Exercise details:
Report, word for word, every line of the material that contains "Collection".
◇ ◇ ◇ ◇
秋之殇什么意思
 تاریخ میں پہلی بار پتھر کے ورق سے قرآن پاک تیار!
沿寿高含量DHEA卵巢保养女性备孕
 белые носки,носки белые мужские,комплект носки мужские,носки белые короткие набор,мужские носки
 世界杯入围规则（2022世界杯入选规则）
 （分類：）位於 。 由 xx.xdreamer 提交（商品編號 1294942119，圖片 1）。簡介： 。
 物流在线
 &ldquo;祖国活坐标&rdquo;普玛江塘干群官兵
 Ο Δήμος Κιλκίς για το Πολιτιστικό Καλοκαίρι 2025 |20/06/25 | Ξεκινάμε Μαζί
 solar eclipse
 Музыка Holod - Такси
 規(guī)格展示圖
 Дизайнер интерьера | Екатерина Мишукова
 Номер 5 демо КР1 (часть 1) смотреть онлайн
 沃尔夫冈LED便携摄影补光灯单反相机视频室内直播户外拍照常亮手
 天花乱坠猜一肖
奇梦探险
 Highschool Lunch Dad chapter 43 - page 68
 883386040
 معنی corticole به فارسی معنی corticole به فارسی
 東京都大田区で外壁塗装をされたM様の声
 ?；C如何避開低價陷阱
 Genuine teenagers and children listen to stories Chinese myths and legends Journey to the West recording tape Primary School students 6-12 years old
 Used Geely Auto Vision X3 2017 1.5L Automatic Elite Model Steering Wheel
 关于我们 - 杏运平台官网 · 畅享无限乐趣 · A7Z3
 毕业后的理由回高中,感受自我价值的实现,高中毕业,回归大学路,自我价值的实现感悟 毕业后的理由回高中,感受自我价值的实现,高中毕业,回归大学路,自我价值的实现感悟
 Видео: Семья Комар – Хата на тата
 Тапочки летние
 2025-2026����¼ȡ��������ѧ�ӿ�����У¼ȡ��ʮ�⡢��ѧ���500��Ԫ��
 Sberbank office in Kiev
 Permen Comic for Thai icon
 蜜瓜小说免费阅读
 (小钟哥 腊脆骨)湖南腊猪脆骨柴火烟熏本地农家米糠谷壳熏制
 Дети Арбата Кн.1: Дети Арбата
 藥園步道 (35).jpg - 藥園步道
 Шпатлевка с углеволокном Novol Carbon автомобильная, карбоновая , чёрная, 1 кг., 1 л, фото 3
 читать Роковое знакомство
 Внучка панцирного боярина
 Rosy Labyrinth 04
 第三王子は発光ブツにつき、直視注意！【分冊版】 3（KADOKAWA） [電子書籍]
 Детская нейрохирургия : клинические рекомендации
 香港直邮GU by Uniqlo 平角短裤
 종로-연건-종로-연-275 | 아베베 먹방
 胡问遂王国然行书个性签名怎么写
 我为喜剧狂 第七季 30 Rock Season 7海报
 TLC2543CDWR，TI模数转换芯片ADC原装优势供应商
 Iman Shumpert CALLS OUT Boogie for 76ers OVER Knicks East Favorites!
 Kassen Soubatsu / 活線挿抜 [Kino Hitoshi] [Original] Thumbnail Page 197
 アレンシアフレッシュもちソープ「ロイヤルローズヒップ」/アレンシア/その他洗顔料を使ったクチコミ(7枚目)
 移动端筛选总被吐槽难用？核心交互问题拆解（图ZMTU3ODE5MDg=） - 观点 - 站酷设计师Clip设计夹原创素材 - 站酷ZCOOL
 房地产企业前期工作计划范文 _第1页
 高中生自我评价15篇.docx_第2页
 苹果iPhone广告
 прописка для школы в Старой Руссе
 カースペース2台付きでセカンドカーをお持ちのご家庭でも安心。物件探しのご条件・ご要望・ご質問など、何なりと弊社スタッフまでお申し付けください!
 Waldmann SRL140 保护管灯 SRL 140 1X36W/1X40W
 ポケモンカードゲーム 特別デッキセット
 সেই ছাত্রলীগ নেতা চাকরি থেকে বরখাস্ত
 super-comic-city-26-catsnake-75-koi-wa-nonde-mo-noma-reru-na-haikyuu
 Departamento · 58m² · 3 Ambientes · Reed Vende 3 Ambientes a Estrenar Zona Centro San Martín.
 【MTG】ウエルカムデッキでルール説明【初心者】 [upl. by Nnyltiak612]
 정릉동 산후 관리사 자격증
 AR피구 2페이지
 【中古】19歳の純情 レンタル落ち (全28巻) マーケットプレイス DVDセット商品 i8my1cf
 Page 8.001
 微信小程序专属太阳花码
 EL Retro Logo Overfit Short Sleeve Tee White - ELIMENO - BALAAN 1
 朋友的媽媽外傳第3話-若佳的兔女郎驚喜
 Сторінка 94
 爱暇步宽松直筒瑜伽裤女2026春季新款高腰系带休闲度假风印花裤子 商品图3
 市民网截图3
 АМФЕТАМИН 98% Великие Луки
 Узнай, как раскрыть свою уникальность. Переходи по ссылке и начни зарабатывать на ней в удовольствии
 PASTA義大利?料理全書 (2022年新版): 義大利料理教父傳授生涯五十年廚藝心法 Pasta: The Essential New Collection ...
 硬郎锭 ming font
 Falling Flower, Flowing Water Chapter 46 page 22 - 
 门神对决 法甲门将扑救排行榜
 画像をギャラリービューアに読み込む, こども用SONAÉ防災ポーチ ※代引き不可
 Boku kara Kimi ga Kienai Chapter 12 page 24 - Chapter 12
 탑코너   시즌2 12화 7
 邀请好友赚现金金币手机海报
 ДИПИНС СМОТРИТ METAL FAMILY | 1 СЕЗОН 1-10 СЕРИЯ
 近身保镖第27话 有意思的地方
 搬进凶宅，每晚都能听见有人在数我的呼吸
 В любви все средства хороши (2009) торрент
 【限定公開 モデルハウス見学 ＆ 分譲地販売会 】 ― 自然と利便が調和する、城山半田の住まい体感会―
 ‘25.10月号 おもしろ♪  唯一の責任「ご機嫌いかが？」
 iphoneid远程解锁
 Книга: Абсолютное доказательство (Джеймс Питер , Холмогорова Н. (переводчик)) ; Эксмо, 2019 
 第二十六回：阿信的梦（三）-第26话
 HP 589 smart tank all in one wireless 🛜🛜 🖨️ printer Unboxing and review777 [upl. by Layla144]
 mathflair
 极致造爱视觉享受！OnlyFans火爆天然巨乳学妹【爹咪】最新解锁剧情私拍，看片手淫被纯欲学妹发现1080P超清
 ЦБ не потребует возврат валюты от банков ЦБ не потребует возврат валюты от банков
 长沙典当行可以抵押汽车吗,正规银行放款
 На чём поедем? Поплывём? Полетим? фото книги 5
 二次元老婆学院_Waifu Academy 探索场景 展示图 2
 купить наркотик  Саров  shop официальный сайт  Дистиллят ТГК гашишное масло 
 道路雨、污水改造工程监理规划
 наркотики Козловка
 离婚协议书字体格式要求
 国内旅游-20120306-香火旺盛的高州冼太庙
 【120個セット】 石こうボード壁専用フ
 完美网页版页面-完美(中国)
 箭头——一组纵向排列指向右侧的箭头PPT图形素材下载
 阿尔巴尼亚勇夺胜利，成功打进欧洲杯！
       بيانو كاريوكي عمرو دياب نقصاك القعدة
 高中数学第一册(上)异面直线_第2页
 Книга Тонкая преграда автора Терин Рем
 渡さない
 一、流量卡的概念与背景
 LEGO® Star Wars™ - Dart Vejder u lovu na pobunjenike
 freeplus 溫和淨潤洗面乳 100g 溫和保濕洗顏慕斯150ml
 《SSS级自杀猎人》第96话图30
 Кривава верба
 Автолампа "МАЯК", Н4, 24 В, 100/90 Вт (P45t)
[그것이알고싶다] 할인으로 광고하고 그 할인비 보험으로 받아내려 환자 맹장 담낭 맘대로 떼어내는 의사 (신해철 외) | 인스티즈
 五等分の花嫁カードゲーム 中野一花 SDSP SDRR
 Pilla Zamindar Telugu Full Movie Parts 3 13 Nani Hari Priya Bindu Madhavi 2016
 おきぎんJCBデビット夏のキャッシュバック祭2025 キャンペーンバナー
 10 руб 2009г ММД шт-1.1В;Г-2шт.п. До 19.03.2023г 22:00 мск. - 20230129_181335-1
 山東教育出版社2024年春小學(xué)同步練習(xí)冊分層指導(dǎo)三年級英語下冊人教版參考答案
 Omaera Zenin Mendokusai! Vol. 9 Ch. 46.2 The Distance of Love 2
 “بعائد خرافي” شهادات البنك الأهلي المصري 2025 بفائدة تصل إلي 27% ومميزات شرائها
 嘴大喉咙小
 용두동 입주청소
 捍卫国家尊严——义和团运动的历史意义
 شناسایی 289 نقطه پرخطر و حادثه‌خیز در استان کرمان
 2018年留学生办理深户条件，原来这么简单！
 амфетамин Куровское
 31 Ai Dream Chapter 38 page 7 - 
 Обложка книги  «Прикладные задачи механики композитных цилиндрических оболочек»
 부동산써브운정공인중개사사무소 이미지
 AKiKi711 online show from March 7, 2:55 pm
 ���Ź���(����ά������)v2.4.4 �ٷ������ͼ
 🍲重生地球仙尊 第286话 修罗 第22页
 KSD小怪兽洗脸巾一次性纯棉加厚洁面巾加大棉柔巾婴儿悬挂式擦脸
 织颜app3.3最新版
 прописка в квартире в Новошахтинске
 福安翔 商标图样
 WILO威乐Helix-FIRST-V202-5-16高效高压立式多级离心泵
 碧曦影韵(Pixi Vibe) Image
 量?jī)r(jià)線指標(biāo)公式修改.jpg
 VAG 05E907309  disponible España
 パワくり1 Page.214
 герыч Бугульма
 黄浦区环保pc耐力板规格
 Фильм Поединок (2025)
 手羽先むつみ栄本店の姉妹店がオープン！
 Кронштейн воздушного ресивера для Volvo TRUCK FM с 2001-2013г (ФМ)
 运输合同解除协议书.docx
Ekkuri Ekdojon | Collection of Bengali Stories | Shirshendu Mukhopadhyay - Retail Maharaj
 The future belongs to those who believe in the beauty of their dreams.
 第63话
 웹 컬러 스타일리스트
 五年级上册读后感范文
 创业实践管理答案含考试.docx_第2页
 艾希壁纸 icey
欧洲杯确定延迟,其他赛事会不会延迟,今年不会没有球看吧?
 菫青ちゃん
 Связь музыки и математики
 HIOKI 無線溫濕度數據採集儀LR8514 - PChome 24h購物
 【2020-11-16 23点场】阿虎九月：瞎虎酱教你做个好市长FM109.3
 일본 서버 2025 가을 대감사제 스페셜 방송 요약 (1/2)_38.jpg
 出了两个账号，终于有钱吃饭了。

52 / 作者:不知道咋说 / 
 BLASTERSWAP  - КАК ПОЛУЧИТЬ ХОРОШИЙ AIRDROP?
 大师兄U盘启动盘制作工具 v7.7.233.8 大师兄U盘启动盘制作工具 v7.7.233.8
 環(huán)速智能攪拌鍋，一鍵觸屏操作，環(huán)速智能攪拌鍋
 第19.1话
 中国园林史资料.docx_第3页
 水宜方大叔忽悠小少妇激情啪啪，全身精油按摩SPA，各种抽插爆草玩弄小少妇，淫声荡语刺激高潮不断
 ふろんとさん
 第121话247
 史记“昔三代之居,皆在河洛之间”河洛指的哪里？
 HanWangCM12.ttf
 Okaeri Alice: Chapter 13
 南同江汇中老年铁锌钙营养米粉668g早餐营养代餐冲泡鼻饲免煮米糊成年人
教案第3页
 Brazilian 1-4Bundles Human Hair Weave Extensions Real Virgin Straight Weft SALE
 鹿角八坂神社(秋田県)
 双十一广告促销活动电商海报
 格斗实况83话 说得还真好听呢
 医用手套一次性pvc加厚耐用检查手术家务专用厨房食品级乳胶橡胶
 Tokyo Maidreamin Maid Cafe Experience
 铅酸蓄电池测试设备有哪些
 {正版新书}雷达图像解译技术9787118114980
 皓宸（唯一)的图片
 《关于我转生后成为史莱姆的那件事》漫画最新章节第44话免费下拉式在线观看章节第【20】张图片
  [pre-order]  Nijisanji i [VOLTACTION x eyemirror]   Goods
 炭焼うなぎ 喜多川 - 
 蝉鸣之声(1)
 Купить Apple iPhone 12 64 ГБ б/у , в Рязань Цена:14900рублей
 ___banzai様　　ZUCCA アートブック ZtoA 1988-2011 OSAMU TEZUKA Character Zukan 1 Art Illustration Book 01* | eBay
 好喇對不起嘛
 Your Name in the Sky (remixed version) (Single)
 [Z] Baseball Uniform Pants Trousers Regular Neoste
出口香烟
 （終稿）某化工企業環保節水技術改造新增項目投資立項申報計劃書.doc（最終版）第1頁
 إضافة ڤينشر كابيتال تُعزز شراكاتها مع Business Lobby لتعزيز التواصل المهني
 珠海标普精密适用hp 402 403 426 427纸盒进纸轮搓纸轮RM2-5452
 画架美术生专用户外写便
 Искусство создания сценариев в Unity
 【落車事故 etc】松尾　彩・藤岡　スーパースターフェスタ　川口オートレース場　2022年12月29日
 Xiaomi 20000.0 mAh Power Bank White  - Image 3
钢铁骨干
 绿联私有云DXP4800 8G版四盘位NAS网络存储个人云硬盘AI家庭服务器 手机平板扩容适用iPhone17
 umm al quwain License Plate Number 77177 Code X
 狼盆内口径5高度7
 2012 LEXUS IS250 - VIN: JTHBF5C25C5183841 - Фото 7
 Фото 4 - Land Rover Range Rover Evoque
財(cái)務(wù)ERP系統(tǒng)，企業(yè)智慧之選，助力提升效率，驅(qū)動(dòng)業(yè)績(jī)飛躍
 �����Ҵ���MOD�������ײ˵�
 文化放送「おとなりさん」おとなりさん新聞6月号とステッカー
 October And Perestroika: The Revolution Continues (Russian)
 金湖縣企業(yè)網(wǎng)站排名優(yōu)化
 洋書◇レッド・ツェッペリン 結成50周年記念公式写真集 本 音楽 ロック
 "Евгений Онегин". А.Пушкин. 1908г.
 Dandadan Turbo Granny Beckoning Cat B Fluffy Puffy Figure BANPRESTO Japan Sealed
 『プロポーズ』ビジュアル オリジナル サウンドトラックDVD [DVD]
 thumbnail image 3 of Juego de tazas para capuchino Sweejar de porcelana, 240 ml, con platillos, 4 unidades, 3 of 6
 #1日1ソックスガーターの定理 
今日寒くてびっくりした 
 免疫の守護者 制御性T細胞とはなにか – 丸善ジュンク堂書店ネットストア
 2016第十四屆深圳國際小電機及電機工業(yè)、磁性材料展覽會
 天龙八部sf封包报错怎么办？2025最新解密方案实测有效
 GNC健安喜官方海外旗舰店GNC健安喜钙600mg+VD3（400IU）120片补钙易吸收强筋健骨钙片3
◇ ◇ ◇ ◇
Problem solution:
 PASTA義大利?料理全書 (2022年新版): 義大利料理教父傳授生涯五十年廚藝心法 Pasta: The Essential New Collection ...
Ekkuri Ekdojon | Collection of Bengali Stories | Shirshendu Mukhopadhyay - Retail Maharaj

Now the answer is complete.